A couple of weeks ago history sort of repeated itself, as her sister ship Black Watch also had an engine-room fire, and the cruise it was on was also curtailed, her passengers being flown home this time from Funchal, Madeira.
As this was the ship I was about to sail on, I was rather concerned to discover this on the Internet, and each day that passed I checked for news updates from Fred Olsen, and also the location of the ship from a ship tracking website. Initially Fred Olsen said that the cruise before mine would go ahead as planned, but the ship remained in Funchal, and after a couple of days it was announced that this intermediate cruise was being cancelled and the ship transferred to a Spanish shipyard for assessment. She spent five days in Funchal and five at the shipyard before Fred Olsen announced that she was sailing back to the UK and that my cruise was definitely going ahead. Phew!
Until I got that confirmation I had been reluctant to start my packing, for fear of putting a jinx on things, so then I had a busy couple of days preparing and packing for the cruise.
Usually I select cruises that sail from Southampton, just a short local taxi ride from my home as it is so convenient. This cruise was an exception, the chance to do a dramatic itinerary persuaded me to book it, even though it meant a longer journey to and from the ship. I originally booked to do this cruise last summer, when it sailed from Newcastle, but changed the booking to this year when they offered it sailing from Tilbury (on the River Thames to the east of London) – a much shorter and easier journey for me.

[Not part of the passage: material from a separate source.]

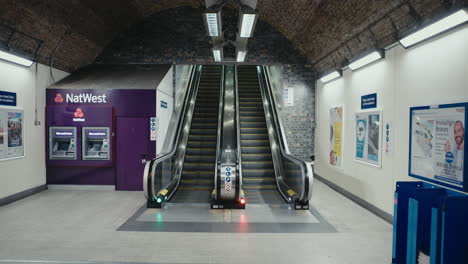 Empty-escalators-in-London-Underground-during-coronavirus-pandemic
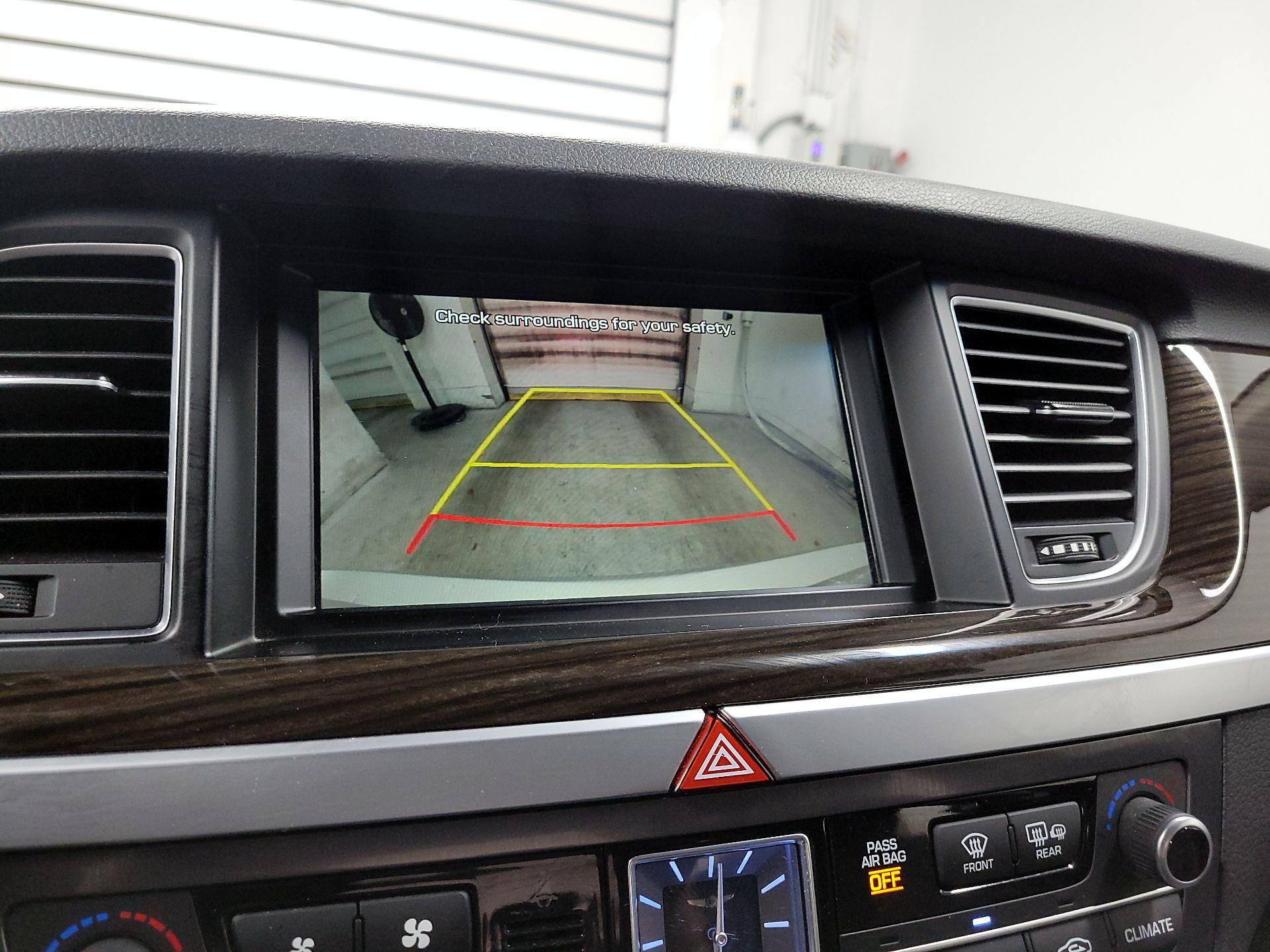 Thumbnail: 2018 Genesis G80 - 15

I had looked at driving myself to Tilbury and leaving my car there for the duration of the cruise, but found that due to the high cost of parking, for nearly the same price I could book a shared taxi and not have the bother of driving, which I did. This proved to be a good choice, for when I boarded the taxi on Sunday morning I found out the ship was sailing from Dover instead of Tilbury. We drove straight to Dover, but had I driven to Tilbury I would have been put on a coach back to Dover, significantly increasing the length and duration of the journey.

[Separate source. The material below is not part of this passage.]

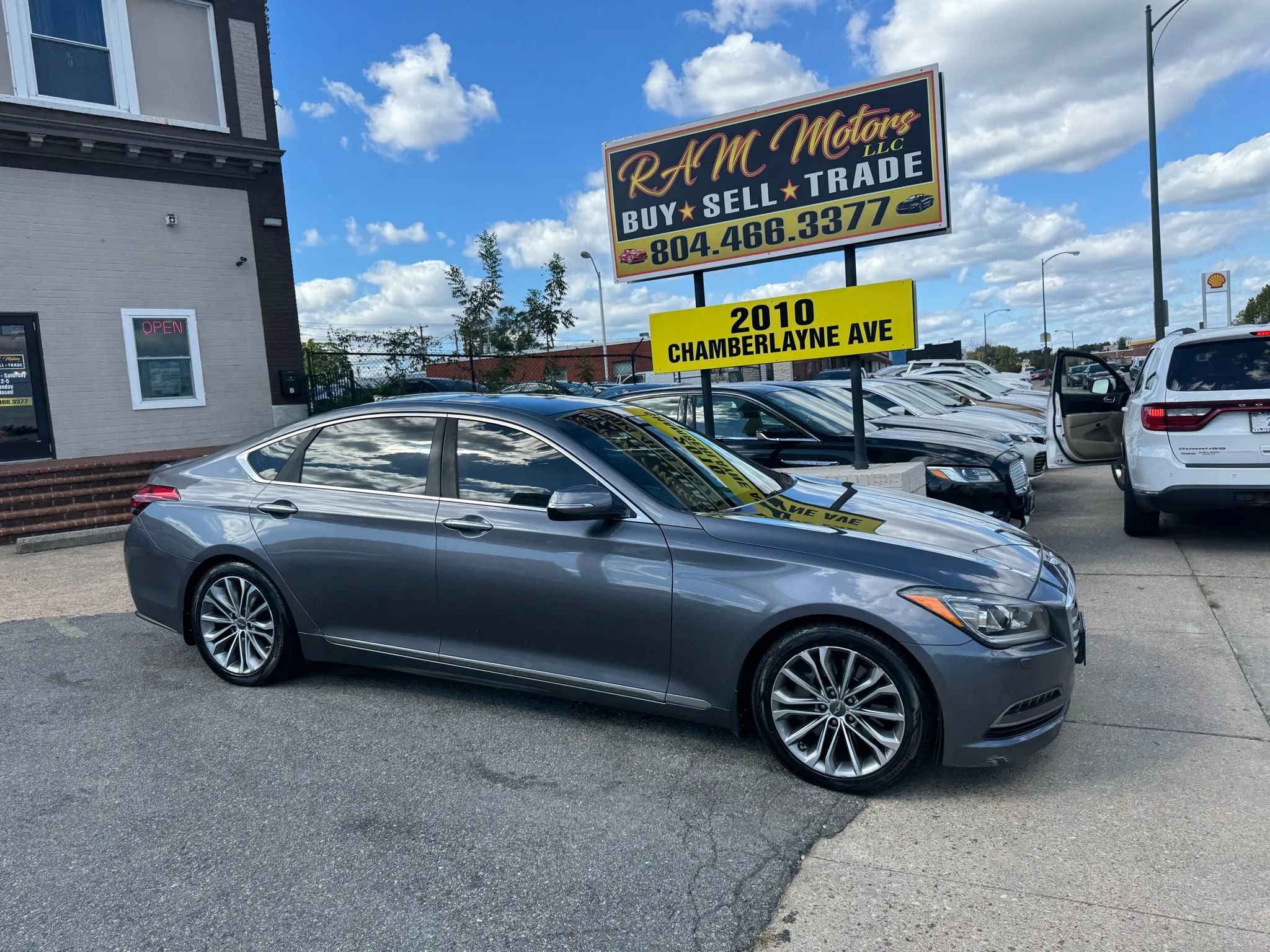 Used 2015 Hyundai Genesis 3.8 w/ Option Group 03 image 2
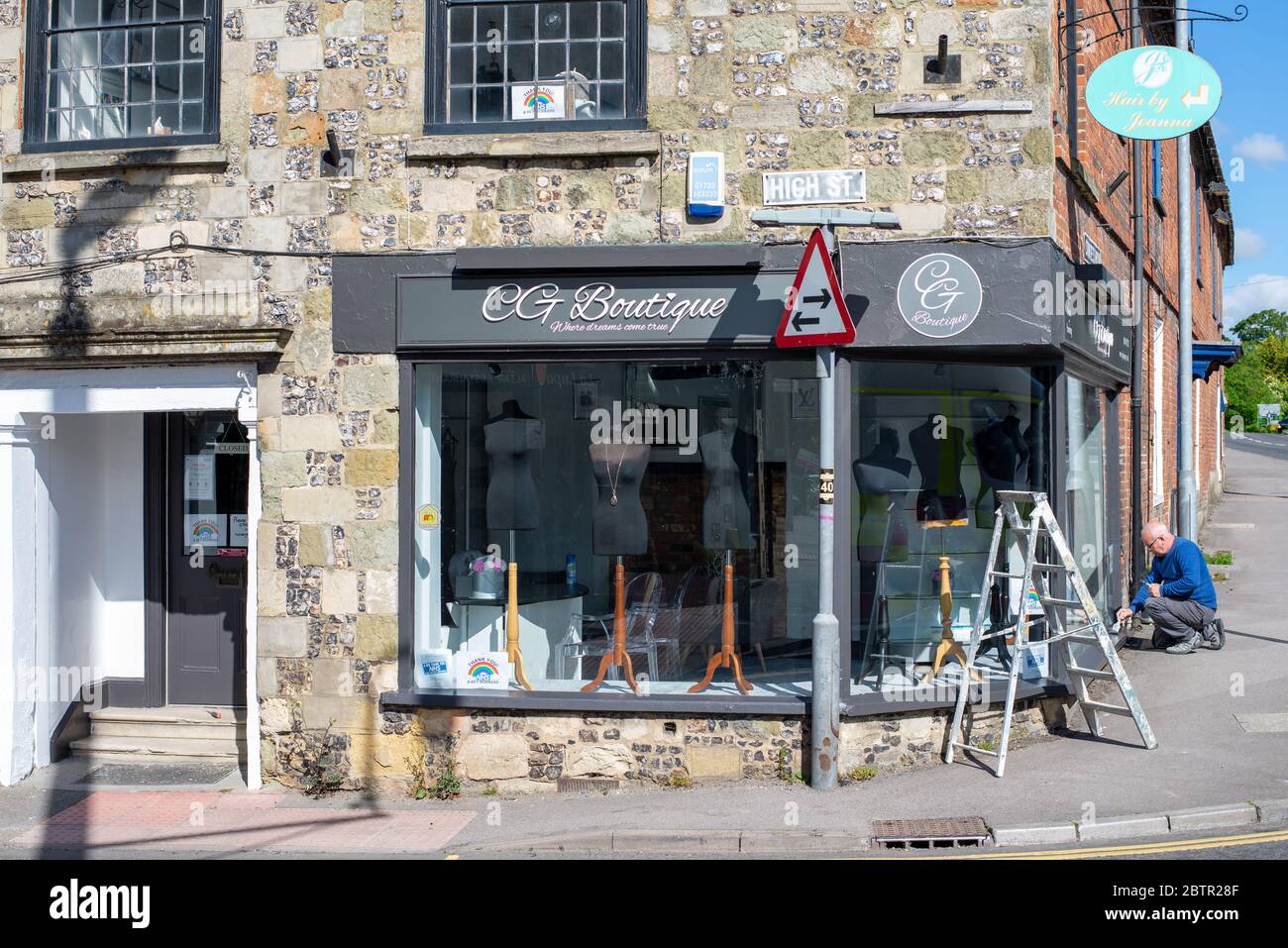 Aziende di Amesbury durante la chiusura di Coronavirus. Wiltshire, Inghilterra Foto Stock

I am sure you are all wondering where this new cruise is going, to be worth these complications. This map will reveal all:
It takes me high into the Arctic, to Svalbard far inside the Arctic Circle and the land of the midnight sun, and also to Greenland with it’s icebergs and glaciers, a place I’ve always wanted to visit and photograph – and with the effects of global warming time is of the essence to see it. Over 26 nights we will visit 11 ports of call, of which 7 are new to me, and two more I have only visited once. The scenery and wildlife should be spectacular, so my shutter finger will be working overtime – so be prepared for plenty of posts over the next four weeks, as and when we have an Internet connection in these remote parts.